En 2017, le politique reprend la main

En 2017, le politique reprend la main

21.12.2017

Représentants du personnel

Finies les conférences sociales du quinquennat Hollande. C'est à marche forcée que le président Macron souhaite modifier le paysage social français, au moyen d'une course de vitesse -pour l'instant gagnée- sur les organisations syndicales. Analyse et rappel, en infographie, des temps forts de l'année qui se termine.

Pas une année sans que le législateur ne touche aux instances représentatives du personnel (IRP) et à la négociation collective ! Il y a deux ans, fin 2015, nous constations qu'une réforme sur les IRP chassait l'autre, et que les élus du personnel avaient beaucoup de mal à suivre. Rebelote il y a un an : fin 2016, nous ne pouvions que relever que l'année écoulée avait été celle des divisions autour du travail. Non seulement, disions-nous, le projet de loi Travail de François Hollande, qui a fracturé la majorité socialiste, faisait partie des raisons ayant conduit ce dernier à ne pas se présenter à sa propre succession à l'Elysée, mais, du fait de ce projet et des passions qu'il a suscitées autour de la négociation collective, la méthode consistant à réformer en recherchant un compromis avec les partenaires sociaux semblait menacée. Douze mois plus tard, il est plus que jamais question des IRP, mais il s'agit désormais d'en finir avec le CE, les DP et le CSHCT en tant qu'instances séparées. La démocratie sociale pratiquée ces dernières années ne semble plus d'actualité. Depuis son élection à la présidence de la République, au terme d'un parcours éclair et inattendu, Emmanuel Macron, fort d'une confortable majorité à l'Assemblée nationale, mène ses réformes tambour battant (Ndlr : voir ci-dessous notre infographie sur les événements mois par mois, les sujets renvoyant aux articles d'actuEL-CE).

Réformer vite en prenant tous les acteurs de vitesse

Comme annoncé pendant la campagne, l'ancien ministre de l'Economie fusionne d'autorité, par la voie des ordonnances, les différentes instances représentatives du personnel. Par ailleurs, il met en oeuvre, paradoxalement, un profond élargissement des champs de la négociation dans l'entreprise dont les possibilités de flexibilité sont accrues (assouplissement du licenciement économique, barème indemnitaire obligatoire pour les licenciements sans cause réelle et sérieuse, rupture conventionnelle collective, nouveaux accords emploi, etc.). Et pour bien monter que c'est lui qui donne le cap, il se fait filmer en train de signer les ordonnances le 22 septembre, 4 mois après son arrivée à la présidence de la République. Le but politique est évident : montrer que l'Exécutif ne tergiverse pas et réforme vite, sans avoir peur des organisations syndicales qui avaient mollement brandi au printemps la menace d'un conflit social à la rentrée.
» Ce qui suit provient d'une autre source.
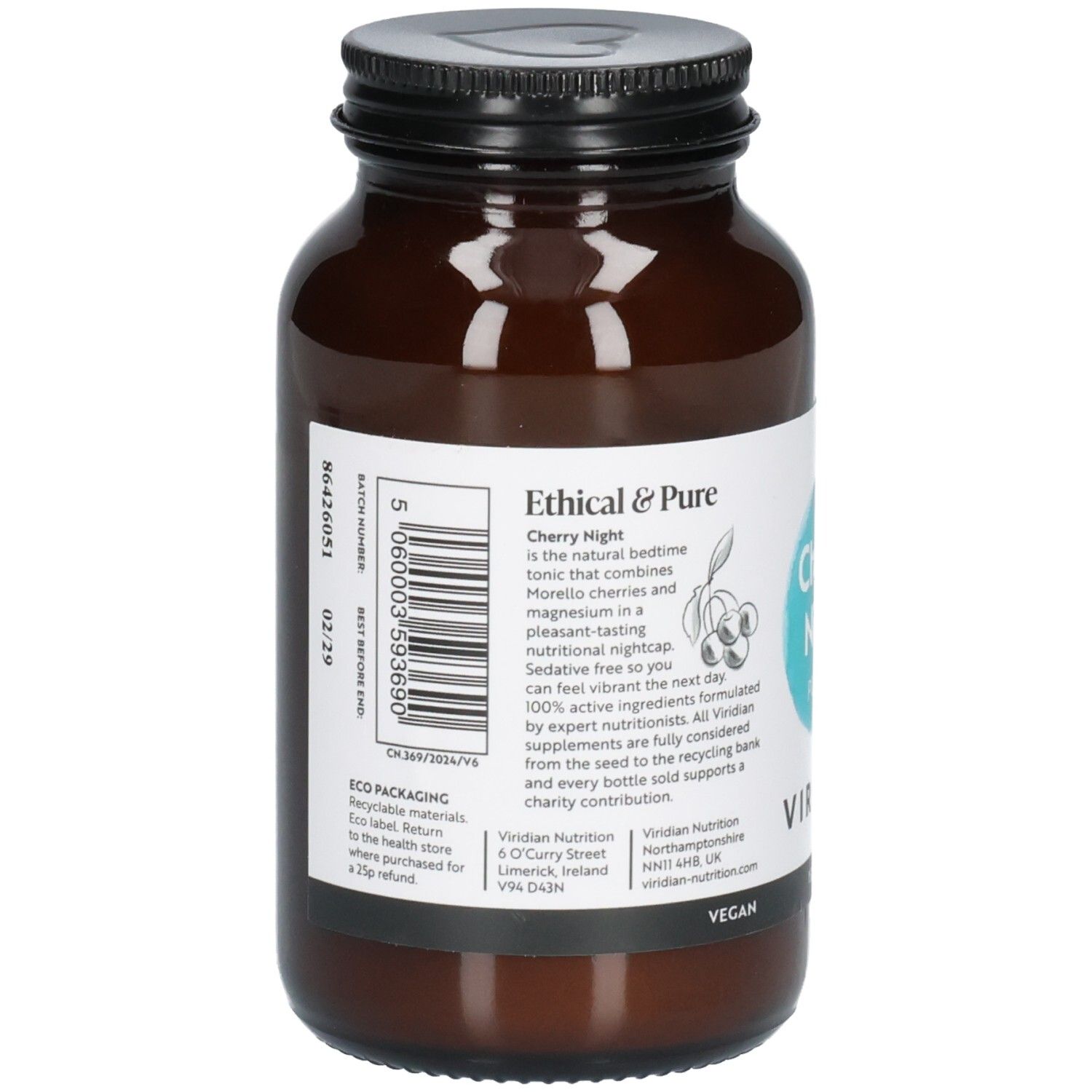 Rückseite einer braunen Glasflasche mit Etikett, das Inhaltsstoffe und Barcode zeigt.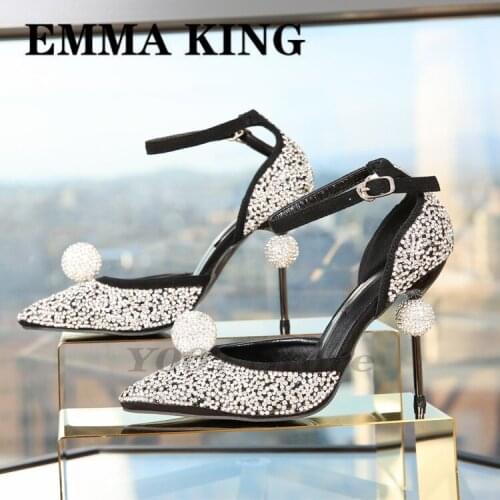 Black Patent Leather Women Pumps Sexy Strange High Heels Stiletto Shoes For Women Ankle Strap Runway Party Stiletto Heels 2018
Certes, le gouvernement a consulté les partenaires sociaux tout l'été, mais ce fut à un rythme effréné et dans un processus où les cabinets, du ministère du Travail, de Matignon et de l'Elysée, ont toujours gardé la main, à la fois sur le tempo et sur le contenu des textes. "Cet été, nous avons eu une réunion de plus d'une heure au sujet de la co-détermination pendant laquelle nous avons échangé sur la question des représentants des salariés dans les conseils d'administration. Mais le gouvernement n'en a rien retenu", nous expliquait récemment un négociateur syndical. Au final, si l'on regarde les positions de départ, il apparaît que les organisations syndicales, au demeurant toujours divisées, auront bien peu pesé sur le contenu réel des réformes. Ce qui pose, soit dit en passant, un redoutable défi aux syndicats pour la suite des réformes en 2018 et 2019, qu'il s'agisse de la formation, de l'assurance chômage ou des retraites : comment peser ?

Des syndicats affaiblis en 2017

Que retenir du paysage syndical en 2017 ? Sans doute la persistance des divisions, mais surtout, un affaiblissement général. Fort de sa légitimité électorale récente, l'Exécutif a imposé son tempo, sa méthode (les ordonnances) et ses choix dans un redoutable jeu tactique piégeant ses interlocuteurs : le gouvernement n'a véritablement dévoilé ses cartes que fin août...pour des textes promulgués dès le 22 septembre.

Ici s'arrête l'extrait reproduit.